Contribution to Learning
Value-added models, which try to determine teachers’ contributions to student learning, are supposed to make the use of test scores fairer to teachers by taking into account students’ performance history and backgrounds. But teachers remain deeply skeptical of those models.
The summaries of the teaching-effectiveness research released for the public beginning in 2011, meanwhile, emphasized certain conclusions and downplayed other important findings, critics charge.
The Gates Foundation has provided grant support to Editorial Projects in Education, the nonprofit corporation that publishes Education Week. The newspaper retains sole editorial control over coverage. See disclosure.
For one, said Jay P. Greene, a professor of education reform at the University of Arkansas at Fayetteville, the reports stressed the importance of observation tools despite their cost and generally weak correlation with teachers’ future performance. Similarly, one less prominently featured finding was that a teacher-observation framework in English/language arts called PLATO actually did better than value-added in some cases in predicting how a teacher’s students would perform on higher-order, more cognitively challenging tasks in that field.
“It’s difficult to write data up when they’re controversial and you’re not sure what to emphasize,” said Susanna Loeb, a professor of education at Stanford University who was on the project’s technical-advisory committee but didn’t conduct any of the research. “I think there are a lot of interpretations about what the results mean. And the study doesn’t tell you the effect of using any of these measures in teacher evaluation in practice.”

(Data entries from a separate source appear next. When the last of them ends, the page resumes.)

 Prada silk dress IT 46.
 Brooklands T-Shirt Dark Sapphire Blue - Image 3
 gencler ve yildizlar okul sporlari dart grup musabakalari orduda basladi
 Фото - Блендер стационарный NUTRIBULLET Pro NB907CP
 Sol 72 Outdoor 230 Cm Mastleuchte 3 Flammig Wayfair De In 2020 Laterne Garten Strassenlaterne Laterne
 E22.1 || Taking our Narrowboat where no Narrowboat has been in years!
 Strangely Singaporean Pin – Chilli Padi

Debates about the study tend to reflect disagreements about the translation of the research into policy. Jesse Rothstein, a University of California, Berkeley associate professor of public policy, for instance, described the relationship between various ways of estimating the value-added measures as “shockingly weak,” calling into question their usefulness as a factor in personnel decisions.
State Capacity
But the principal researcher on the study, Thomas Kane of Harvard University, disputes such characterizations. He argues that the correct basis for comparing the strength of the study’s identified measures is the information districts have traditionally used instead.

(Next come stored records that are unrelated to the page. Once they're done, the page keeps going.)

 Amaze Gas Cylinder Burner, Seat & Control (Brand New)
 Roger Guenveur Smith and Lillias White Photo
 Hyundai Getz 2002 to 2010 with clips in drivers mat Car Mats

“It’s not like we can avoid making high-stakes decisions about teachers,” he said. “The right comparison is not to perfection; it’s to experience and master’s degrees and the information we currently have. Relative to that information, do these measures do better? The answer is unequivocally ‘yes.' "
Lawmakers and state education officials digesting the study’s results, meanwhile, are bumping up against the fact that not all states have the capacity to generate value-added data. Many states, such as New Jersey, are using an alternate method of gauging teachers’ impact on test scores, called student-growth percentiles, that the research didn’t even undertake, sparking concern from scholars like Mr. Baker.
Bill Gates himself has harbored concerns about how some states and districts are putting into practice the ideas his philanthropy has catalyzed. In op-eds in national newspapers, he has opposed the publication of teachers’ evaluation results and the haste to establish tests in every subject to produce teacher-evaluation data.
Melinda Gates added in a recent interview with Education Week that state officials sometimes rushed to institute systems ahead of the teacher-effectiveness findings.
“When we come out with new research and new data, we can’t necessarily control how it spreads, nor should we,” she said. “It would have been nice and neat and tidy if we could have said, ‘Wait until the very last day when [the research] comes out, and this is the way to go.’ But I think some states went a little fast.”